Acrescentou que esse tipo de tribunal é assessorado por técnicos, que podem ser estrangeiros, mas antes disso deve existir uma lei que regulamenta o seu funcionamento, a sua composição, os vogais e decisões.
Neste caso concreto, de acordo com Marcelino Ntupé, não se pode criar Tribunal Ad-Hoc sem existência de uma lei que regula o seu funcionamento.
Diz que neste momento não há uma lei que regulamenta o funcionamento do referido tribunal, mas que há intenção se basear na lei número 02/ 79, em que se prevê a pena de morte, mas que hoje Constituição do país não admite.
Para Ntupé a intenção não vai triunfar, porque a Constituição da República proíbe a criação de Tribunal Ad-Hoc, pelo que não se pode falar de sua criação.
Afirmou que, apesar de se ter registado perdas de vidas humanas, este não é um caso grave, porque não ultrapassa limites da jurisdição interna.

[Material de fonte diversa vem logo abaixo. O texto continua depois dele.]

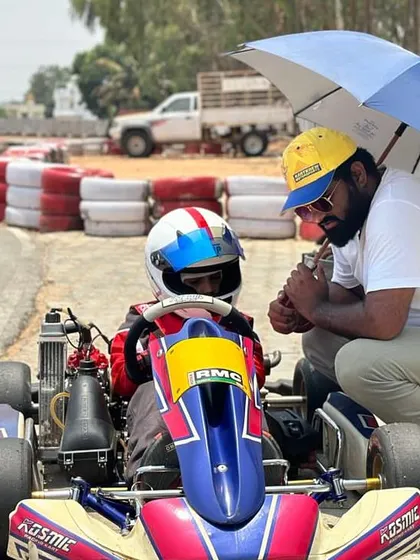 A coach giving advice to a young driver under an umbrella.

Instado a falar sobre o que seria caso grave diz que, a título de exemplo, “é quando um grupo maioritário de pessoas mata outro grupo minoritário.
O Advogado dos militares detidos na sequência de
tentativa golpe de Estado ocorrido no passado dia 01 de Fevereiro do ano em curso
disse que este caso é igual há outras situações em que os envolvidos foram
julgados no tribunal comum ou militar.
O Ministério Público (MP) depois de concluir a investigação sobre a tentativa de golpe de Estado produziu um despacho que ordena a libertação de todos os presos não acusados e aqueles que foram acusados no sentido de guardarem o julgamento em liberdade.
Entretanto não foi permitido que alguns beneficiassem dessa decisão do MP, e continuam até então encarcerados.
Figura entre os detidos, o ex-chefe de Estado-maior da Armada, o Contra Almirante José Américo Bubo Natchuto.